* _Source material_
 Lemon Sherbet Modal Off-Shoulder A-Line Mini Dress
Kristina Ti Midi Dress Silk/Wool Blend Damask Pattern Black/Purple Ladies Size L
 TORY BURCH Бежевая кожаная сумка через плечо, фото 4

...

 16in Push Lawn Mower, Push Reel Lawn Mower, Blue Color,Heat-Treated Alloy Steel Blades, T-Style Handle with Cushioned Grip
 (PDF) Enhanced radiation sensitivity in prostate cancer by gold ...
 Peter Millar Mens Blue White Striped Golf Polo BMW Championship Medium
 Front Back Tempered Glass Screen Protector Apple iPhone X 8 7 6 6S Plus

...

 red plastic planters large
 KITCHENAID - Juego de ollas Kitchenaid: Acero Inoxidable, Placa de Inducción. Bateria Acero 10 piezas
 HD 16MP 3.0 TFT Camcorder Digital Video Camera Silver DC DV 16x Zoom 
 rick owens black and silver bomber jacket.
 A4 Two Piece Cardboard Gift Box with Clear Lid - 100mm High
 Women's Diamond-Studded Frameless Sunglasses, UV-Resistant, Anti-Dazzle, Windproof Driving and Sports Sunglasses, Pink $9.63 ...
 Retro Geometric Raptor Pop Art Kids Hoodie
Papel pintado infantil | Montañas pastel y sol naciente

* _Task goal_
In the records above, the line with "16in Push Lawn" marks the start and the line with "Peter Millar Mens" marks the end; copy that stretch exactly, both lines included, and nothing else.

* _Output of the exercise_
 16in Push Lawn Mower, Push Reel Lawn Mower, Blue Color,Heat-Treated Alloy Steel Blades, T-Style Handle with Cushioned Grip
 (PDF) Enhanced radiation sensitivity in prostate cancer by gold ...
 Peter Millar Mens Blue White Striped Golf Polo BMW Championship Medium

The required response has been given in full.